Choucair's sculptures had been gathering dust in her apartment in Beirut for many decades before they were finally displayed in an exhibition at Tate Modern in 2013. One hundred and sixty artworks were packed up and shipped to London, where they were carefully reassembled for the exhibition. The show afforded Choucair the international recognition she deserves, not only as an artist, sculptor and writer, but as an architect too.
Choucair began her training as an artist by studying with landscape painters in Lebanon. She then moved to Paris for three years, where she worked in Léger's studio and surrounded herself with members of the Atelier d'Art Abstrait. She developed an interest in Modernist architecture, and visited Corbusier's Unité d'habitation while it was under construction, photographing the repetitive concrete structure and colourful interiors.
Indeed Choucair's early paintings took on Modernist themes, combining these with her in depth knowledge of Arabic visual language. The works considered the repetition and movement of lines and curves, while balancing forms and colours in controlled, energetic compositions. However her explorations of these ideas did not stop at painting, and it is her experiments in sculpture which speak directly of her architectural sensibility.

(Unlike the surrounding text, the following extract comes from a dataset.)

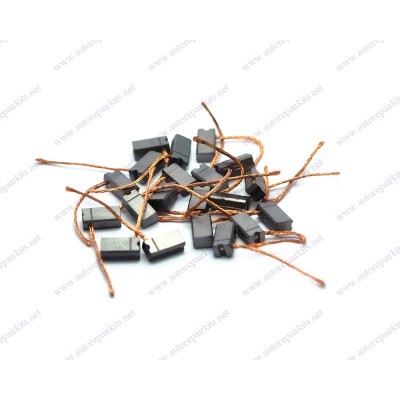 Copper-graphite brushes 3.7-5.4-10.5 mm (20 PCS)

This preoccupation with modularity and repetition became integral to Choucair's sculptural works. Infinite Structure is a stacked tower of tufa stone blocks, which are punctuated by rectangular or circular holes. These are arranged in unique compositions, balancing similarity with difference, and repetition with deviation from the standard. The sculpture rises to 2.5 meters tall when arranged vertically, with each piece reading as if an apartment in a tower block. While the architecture is repeated floor by floor, the life inside the tower is different at every level.
Choucair's Poems series developed this idea. These sculptures can be stacked and restacked into new configurations. As the artist herself explained, each part of the sculpture is like a stanza of Arabic poetry, in that it may stand alone or interlock with others to be read as a whole.
The assembled sculptures are deliberately ambiguous in terms of scale. They can be seen both as abstract art pieces, and model prototypes for large-scale high-rise blocks. Sculpture with a Thousand Pieces is perhaps most recognisable as a high-rise tower, with the horizontal banding of what may be floor slabs, and the vertical repetition of brise soleil across the facade. And yet Choucair adopted this model as a lamp at her apartment, with a bulb hung in the centre of the structure. What could be a tower becomes a piece of domestic furniture.
Whether Choucair's sculptures are intended as architectural prototypes, or as abstract compositions, they speak of an interior life, disrupting the module and creating art that, like architecture, is always in the making. Art, Choucair once said, should be a living, architectural reality.